As the late Angelo Codevilla explained in a 2015 essay, “The Courage of His Contradictions,” Kissinger’s chief concern throughout his career as a diplomat, and then high-level consultant, was to promote an international order—in Kissinger’s view, a harmonized convergence of competing world powers designed to foster stability. His model was the Concert of Europe, the early-19th-century arrangement between various powers that kept the peace on the continent after Napoleon’s final defeat at Waterloo. But Kissinger misrepresented the nature of Europe’s concert system—the purpose was not to build an international order where every state agreed to pursue their interests in moderation; rather it was to ratify, as Codevilla wrote, “what the governments that defeated Napoleon had secured militarily.” No one wanted to fight again, at that particular moment, so they made peace, which lasted only briefly.

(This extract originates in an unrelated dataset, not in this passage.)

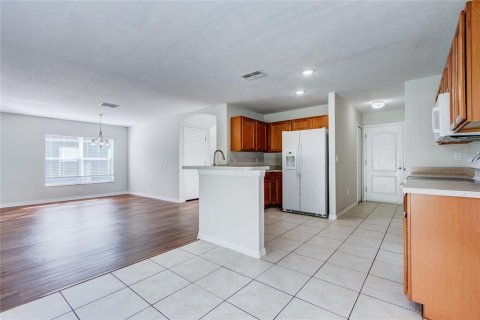House in Land O' Lakes, Florida 3 bedrooms, 168.71 sq.m. № 2418767 - photo 17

Accordingly, Kissinger wasn’t leveraging China against the USSR, he was trying to draw Beijing into an international order along the lines of his quasi-mystical conception of the concert system. And crucially, Kissinger’s idea of an international order based on cooperation and comity was an early advertisement for what we now call globalism. Kissinger is its intellectual father, the theorist and apologist for the very order that the “America First” president opposes and seeks to undo. Accordingly, it’s more accurate to think of Trump’s overall strategy not as Reverse Kissinger but rather as reversing Kissinger.

The typical understanding of the opening is that the move was a geopolitical masterstroke, but the U.S.-China relationship later went sour as the PRC began to cheat and failed to meet its obligations in international fora, like the World Trade Organization. Yes, obviously Beijing can’t be trusted—it’s a totalitarian police state that’s been governed by a communist party since 1949. Why Kissinger and Nixon sought friendship with a regime then engaged in another of its serial purges that cost millions of lives, the Cultural Revolution, is more evidence the opening was a mistake from the outset. For Americans then, the blame must rest entirely with the side elected to represent our interests—the U.S. political class, starting with Nixon and Kissinger.

With the end of WWII, the U.S. was primus inter pares in the Atlantic and Pacific because it won the war. But by trying to induce deadly rivals to join it in a multilateral system, the United States was offering to neuter itself. And that’s exactly what happened when Nixon met Mao.

For instance, the president hoped to get Mao’s help withdrawing from Vietnam and was prepared to be flexible on Taiwan in the exchange. The Chinese countered by informing the Americans that they’d continue to help killing their children and constituents in Southeast Asia if they didn’t withdraw immediately, and then they pocketed Nixon’s virtual abandonment of Taiwan. The opening was structured to weaken the U.S. position in favor of China, and everything pursuant to it followed that logic.

With his reputation as the Marco Polo of globalism firmly established through his public sector work, Kissinger’s job in the private sector was to help get U.S. companies into the enormous Chinese market with nearly a billion potential consumers. According to Kissinger—and the dozens, then hundreds, then thousands of Kissinger clones that came after—it was to be the heyday of U.S.-China trade. Except the Americans knew that dating back 200 years there had never really been a Chinese market for U.S. goods, except for opium. In fact, what the big U.S. corporate bosses really wanted was to replace American workers with China’s huge pool of cheap labor by offshoring manufacturing. And thus began the purposeful impoverishment of the U.S. middle class, what Trump calls American carnage.

This is what Trump is trying to undo with his protectionist policies, like his now 20% tariff on Chinese goods. Making America great again requires protecting American workers and our industrial base—our national security and national character depend on it. Thus, his strategic goal is to reverse the devastation of the heartland that began with Kissinger. And it seems he believes that trying to pull Putin away from Xi Jinping is a useful tactic in that larger effort. Who knows if he’ll succeed, but the fact is that unlike Kissinger, Trump isn’t playing for a tie. He intends to win.